Posted in Austria

My small and my big Vienna

“If there is a heartache Vienna cannot cure I hope never to feel it. I came home cured of everything except Vienna.”

By now I have spent some time in so many cities around the world, that I finally realized there is no place, which is perfect.

Berlin is quirky and never sleeps, but kind of dangerous and frankly…just dirty. Brussels is international and intelectually lively, but very grey and somehow sad. Helsinki is calm and orderly, but also fittingly cold. Bari is enjoyable, but…well Southern Italy. And the list goes on…

Each city has it’s charms and curses and each of them I have called home at least for a few months. But there is no other city that I felt so connected to as Vienna.

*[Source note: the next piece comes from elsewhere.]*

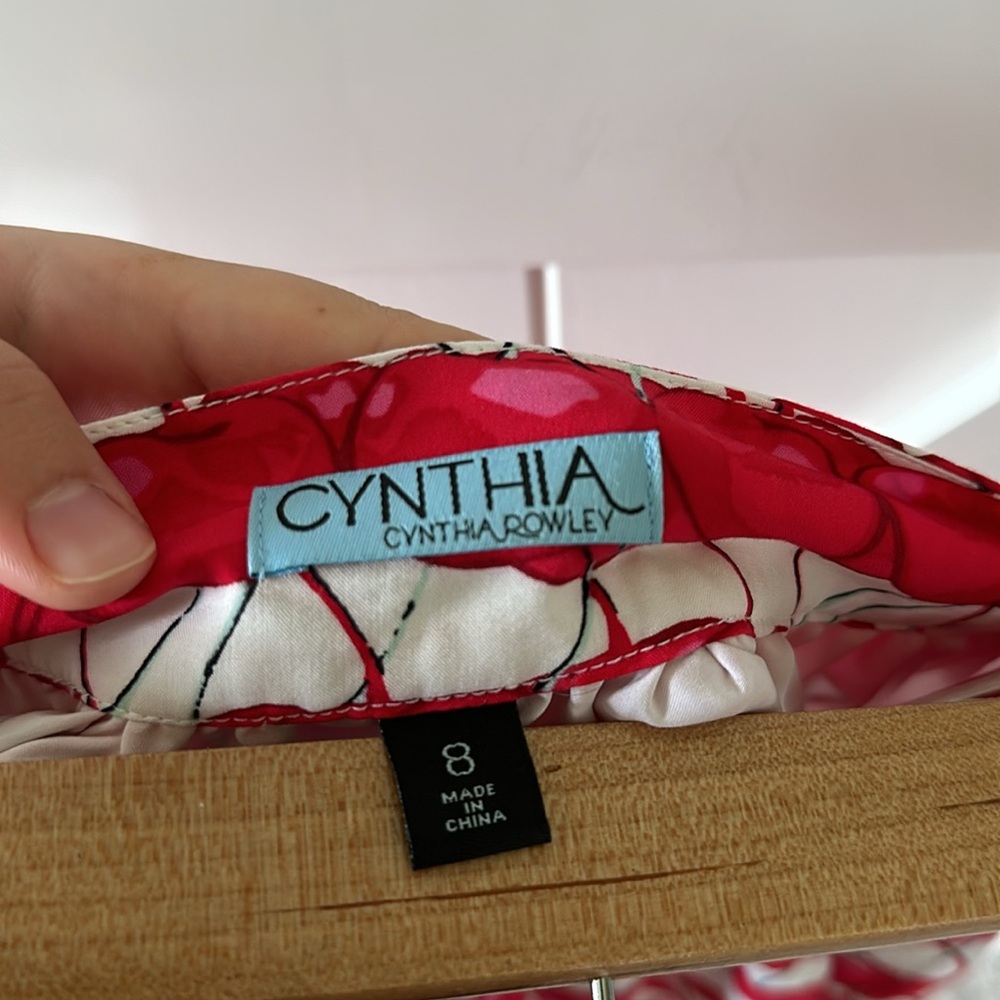 Cherry ๐ print! Cynthia Rowley Red cherry striped skirt - Picture 4 of 4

I always failed to explain what draws me to that city – is it the vibe, the artisticity, the grandeour of the buildings?

Perhaps, it’s because my elegant home town of Rousse (often dubbed locally as the “small Vienna”) boasts some Vienese architecture and remnants of a last-century Vienese vibe and artistic tradition on the other end of the Danube River.

Frankly, Vienna is definitely not the most foreigner-friendly place in Europe, but it’s mix of East and West kind of makes it feel like home to my internationalized personality.

The truth is that the more you entangle yourself with other cultures, languages and traditions, the more you change your own set of values and somewhat your feeling of cultural belonging.

So I guess it is easy for someone like me to fit in there, despite the outward chauvinism of many born and bred Vienese.

And as time passes and I explore new places around the world, I am surely to return again and again both to my “small” and my “big Vienna”, where pieces of my heart still remain.